Aug. 18—NEW LONDON
—
Kandiyohi County
and its recreational opportunities are but a couple of years from being placed on the national map.
That prediction comes from someone already well-known to a national audience,
Jim Nantz
, CBS Television sportscaster who teams with Tony Romo as the network’s lead announcers for NFL football.
Nantz predicts that the
Tepetonka
golf course will build a “grand reputation on a national level,” putting it in league with some of the nation’s best-known destination golf courses.

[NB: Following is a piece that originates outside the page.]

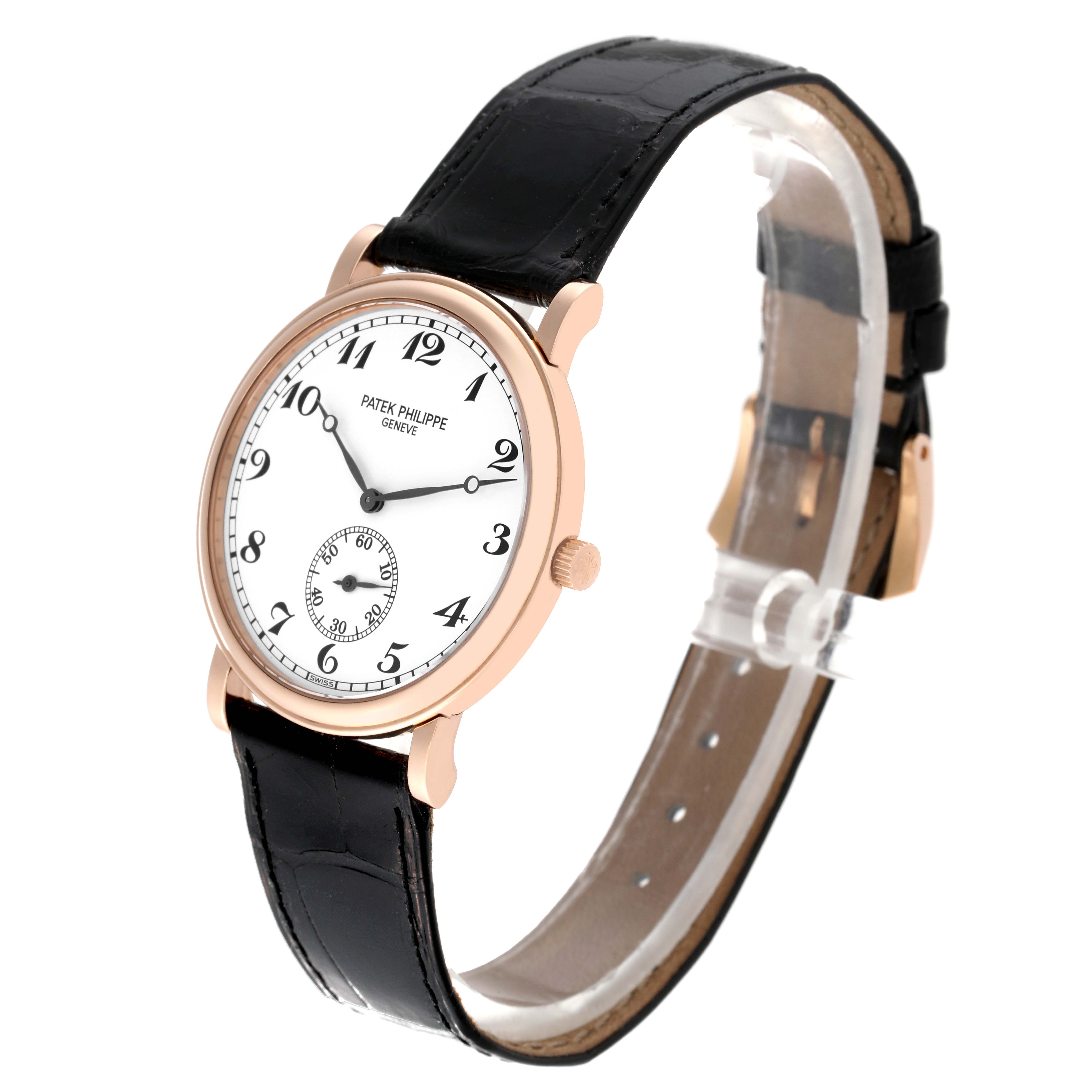 This Patek Philippe Calatrava 5022R-010 Men's Rose Gold White Dial 5022R-010 Men's Rose Gold White Dial watch is shown at a three-quarter angle, highlighting its face, case, crown, and leather strap.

He was among a gathering of partners and developers behind the Tepetonka golf course project who gathered Friday at the site five miles from New London to tour it and make plans for its development. Nantz is a design consultant for the project.
It is being developed by
OCM Golf Course Design
of Melbourne, Australia. Its founder, US Open Champion
Geoff Ogilvy
, told the gathering that he shares in Nantz’s optimism for this course.
“Fantastic,” he said of his impressions of the landscape for the course.
“It is amazing how suited the land is to develop as a golf course,” added his partner in OCM, Ashley Mead.
Mead, Ogilvy and their partner
Mike Cocking
spent five cold and snow-pelted days in April as they first toured the site. On the fourth day, Ogilvy said “it all came together.”
Their design for an 18-hole course with a nine-hole short course weaves alongside Shakopee Creek on a 228-acre landscape where prairie and cedar-filled, gently rolling glacial moraine hills meet. They liken the site to a sandy, coastal setting, but more intimate for its players.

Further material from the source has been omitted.